_TASK ITEM_
For this exercise, retype the lines from the one that holds "A person gaming" through the one that holds "Movie still from" in the records below, both included, exactly and without pictures.

_RECORDS FOR THIS TASK_
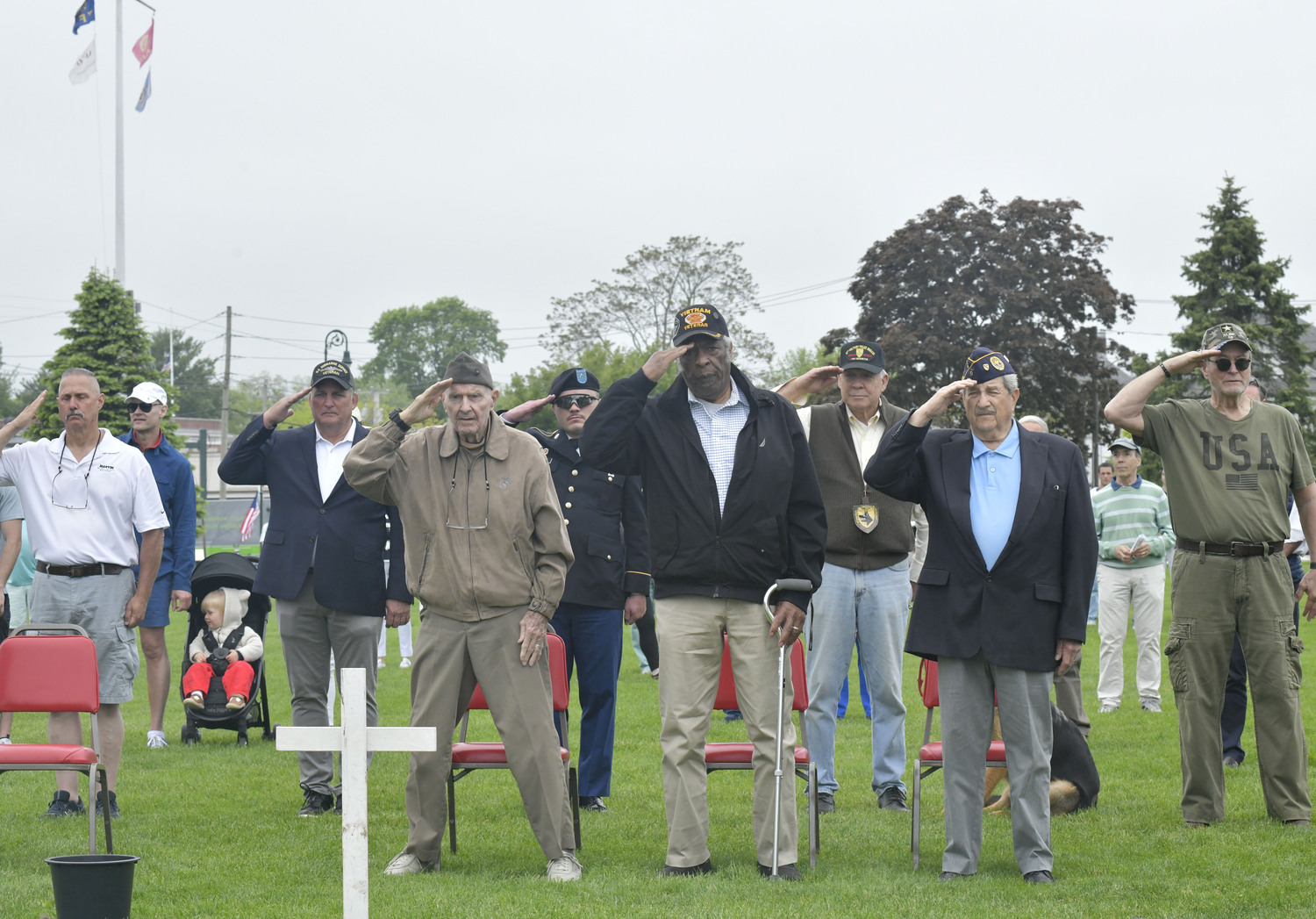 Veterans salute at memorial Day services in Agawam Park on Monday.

---

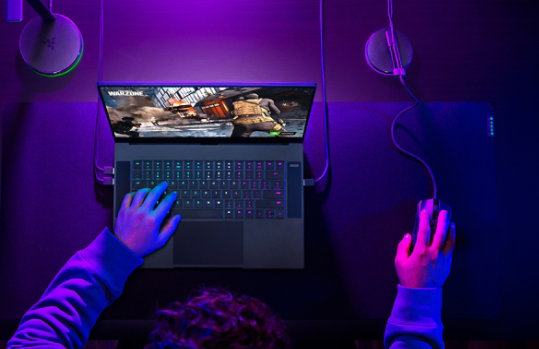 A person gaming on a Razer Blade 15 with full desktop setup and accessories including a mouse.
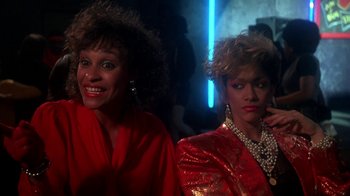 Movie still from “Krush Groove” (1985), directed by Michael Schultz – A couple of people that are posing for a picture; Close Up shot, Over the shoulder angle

_TASK RESPONSE_
 A person gaming on a Razer Blade 15 with full desktop setup and accessories including a mouse.
 Movie still from “Krush Groove” (1985), directed by Michael Schultz – A couple of people that are posing for a picture; Close Up shot, Over the shoulder angle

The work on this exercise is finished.